Exercise details ->
Your answer must consist of the lines running from the one that holds "DMK Saidapet constituency" to the end of the data, copied exactly.

Dataset excerpt ->
● ● ● ●

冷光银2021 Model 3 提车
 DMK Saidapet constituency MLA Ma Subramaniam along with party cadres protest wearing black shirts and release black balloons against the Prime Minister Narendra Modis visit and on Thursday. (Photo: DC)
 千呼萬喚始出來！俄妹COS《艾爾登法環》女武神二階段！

● ● ● ●

Written response ->
 DMK Saidapet constituency MLA Ma Subramaniam along with party cadres protest wearing black shirts and release black balloons against the Prime Minister Narendra Modis visit and on Thursday. (Photo: DC)
 千呼萬喚始出來！俄妹COS《艾爾登法環》女武神二階段！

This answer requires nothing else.